Театр использовался в то время в качестве способа заявить о том, что все в порядке, он был пространством, где создавались образы не существующего в реальности благополучия. Сцена и была тем местом, где эти образы появлялись. Но искусство оказалось вовсе не управляемой игровой активностью, оно не было поставленным спектаклем, и его оказалось не так просто «переписать», даже если оно, как спектакль, обладало большим общественным потенциалом.
Невозвращенцы
Однако проблемы возникали не только с тем, что ставили на советской сцене. Власти все время приходилось бояться, что звезды Кировского и Большого театров покинут свою сцену и сбегут на Запад. В то время как сцена превратилась в культурное ядро тоталитарного государства, всякая попытка покинуть ее тотчас превращалась в попытку сбежать из Советского Союза. Но Якобсон, несмотря на все трудности, никогда не хотел уехать из страны. Наоборот, он работал, стараясь раскрыть в балетах то, что кенийский ученый Нгуги Ва Тхионго совсем в другом контексте называл деколонизированным мышлением. В случае Якобсона задача заключалась в том, чтобы вывести из тоталитарной системы тело и превратить сцену в пространство культурных и эстетических возможностей. У балетмейстера были более и менее удачные попытки осуществить свое намерение. Иногда у него получалось, и балет на какое-то время давал танцовщикам возможность выразить на сцене что-то новое и серьезное. Иногда он терпел неудачу, поскольку его прорывы оказывались кратковременными и частичными. И все же Якобсон был не единственным, кто стоял в стороне от традиционного советского балета. Были те, кто стоял особняком в силу социальных различий: грузинский танцовщик и хореограф В. М. Чабукиани, Константин Сергеев (он, как и Якобсон, поздно занялся хореографией, и его, так же как и Якобсона, обвинял в формализме И. Д. Бельский). Однако никто из них не боролся с властью посредством своего искусства с таким отчаянием, как это делал Якобсон. Все его произведения проходили проверку должностными лицами и комитетами, которые, в свою очередь, отчитывались перед худсоветом, существовавшим при каждом театре. Нужно было получить разрешение на постановку, на костюмы, партитуру, декорации, а главное – было необходимо одобрить хореографию. С каждым новым произведением Якобсону снова и снова приходилось проходить весь этот процесс, спорить, доказывать.

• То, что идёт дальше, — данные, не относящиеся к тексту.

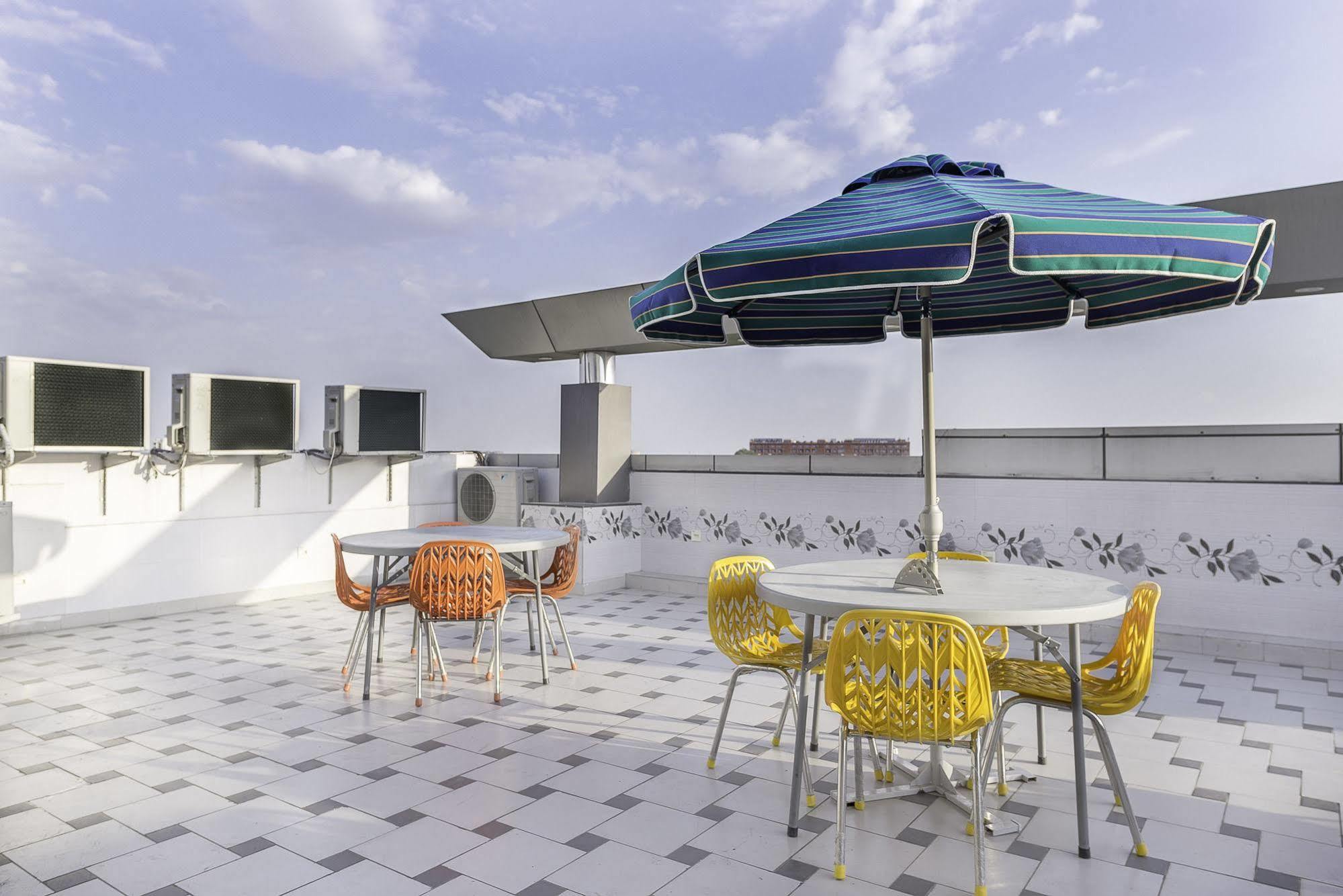 Treebo Signature Malviya Nagar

Когда в 1974 году Барышников отказался возвращаться в Советский Союз из Торонто, его гастрольным номером был именно «Вестрис», тот самый балет, который помог ему ранее выиграть международный конкурс [37] . Барышников вывез хореографию балета в своей голове, подобно тому как иностранцы вывозили из страны советский самиздат. Но партитура к этому соло по-прежнему оставалась в Союзе. Через несколько месяцев, получив место в американском театре, Барышников захотел станцевать «Вестриса», и тогда танцевальный критик Патриция Барнс чудом отыскала пиратскую запись музыки, сделанную каким-то неизвестным балетоманом во время гастролей Кировского театра в Лондоне в 1970 году [38] . Таким образом «Вестрис» возродился и стал не просто первым сольным номером Барышникова на Западе, но и возможностью для хореографии Якобсона быть представленной за пределами железного занавеса, в то время как сам балетмейстер оставался внутри страны. «Многие спрашивали тогда: “Что это за хореограф? Почему мы ничего о нем не знаем?”» – вспоминал Барышников восторженные отклики после того, как станцевал «Вестриса» на Западе [39] .
37
Телефонное интервью Чарльза Франса с Дженис Росс. 7 мая 1999 года. Неопубликованные материалы в распоряжении автора.
38
Там же.
39
Интервью Барышникова с Дженис Росс. 1 февраля 2014 года. Беркли, Калифорния. Неопубликованные материалы в распоряжении автора.